* **BRIEF**: Please write out exactly, without any picture, each line from the first in the listing through the line that includes "Proteins. The foods".

* **MATERIAL PROVIDED**:
============
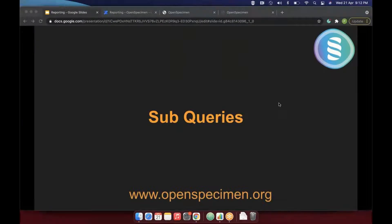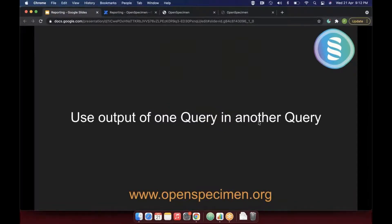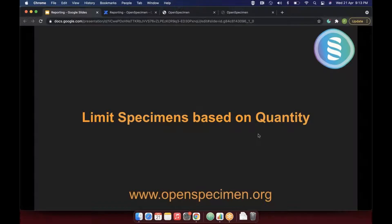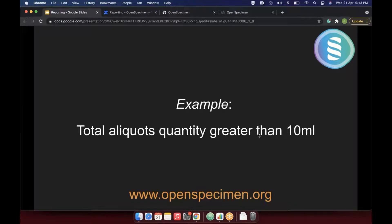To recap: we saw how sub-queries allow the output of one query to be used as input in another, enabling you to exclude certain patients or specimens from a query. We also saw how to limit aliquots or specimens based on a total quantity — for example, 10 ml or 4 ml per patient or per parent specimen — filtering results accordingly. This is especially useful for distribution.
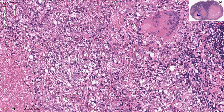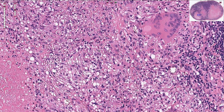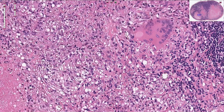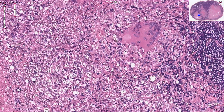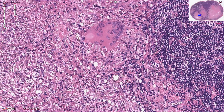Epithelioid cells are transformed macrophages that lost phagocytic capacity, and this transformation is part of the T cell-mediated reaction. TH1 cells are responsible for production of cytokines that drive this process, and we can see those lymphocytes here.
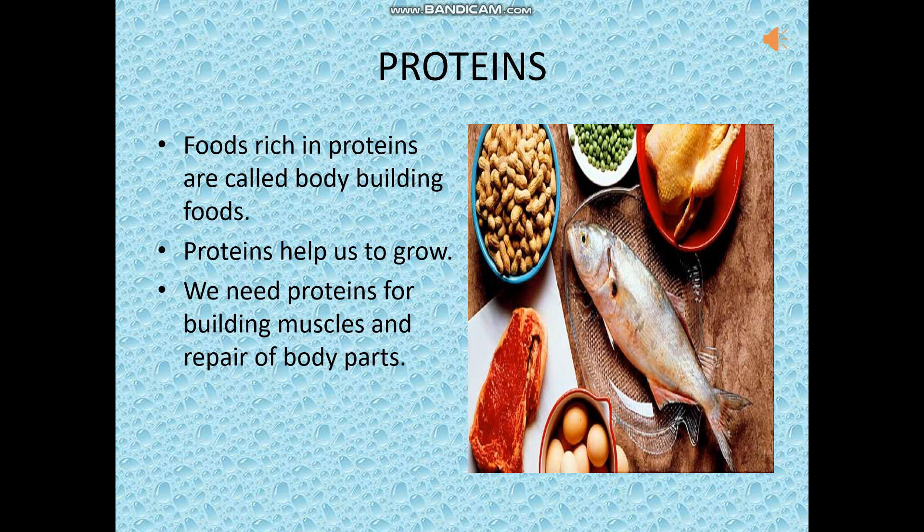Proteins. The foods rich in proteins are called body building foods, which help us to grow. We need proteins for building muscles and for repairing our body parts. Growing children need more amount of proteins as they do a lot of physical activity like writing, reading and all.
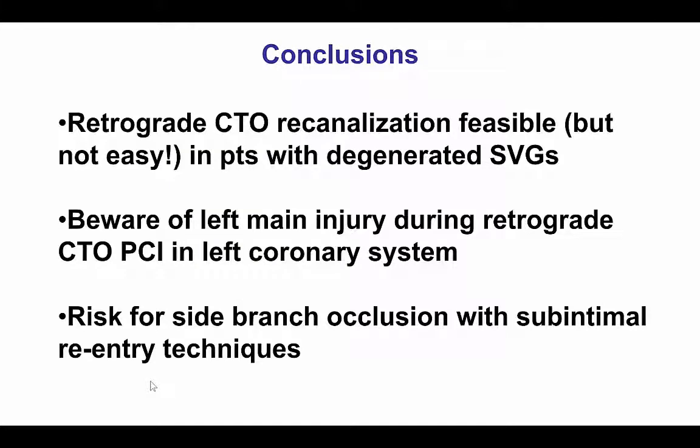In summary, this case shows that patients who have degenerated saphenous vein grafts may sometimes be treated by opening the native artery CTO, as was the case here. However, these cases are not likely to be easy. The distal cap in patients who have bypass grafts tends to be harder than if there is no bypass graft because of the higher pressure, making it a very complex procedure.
============
* **WRITTEN ANSWER**:
To recap: we saw how sub-queries allow the output of one query to be used as input in another, enabling you to exclude certain patients or specimens from a query. We also saw how to limit aliquots or specimens based on a total quantity — for example, 10 ml or 4 ml per patient or per parent specimen — filtering results accordingly. This is especially useful for distribution.
Epithelioid cells are transformed macrophages that lost phagocytic capacity, and this transformation is part of the T cell-mediated reaction. TH1 cells are responsible for production of cytokines that drive this process, and we can see those lymphocytes here.
Proteins. The foods rich in proteins are called body building foods, which help us to grow. We need proteins for building muscles and for repairing our body parts. Growing children need more amount of proteins as they do a lot of physical activity like writing, reading and all.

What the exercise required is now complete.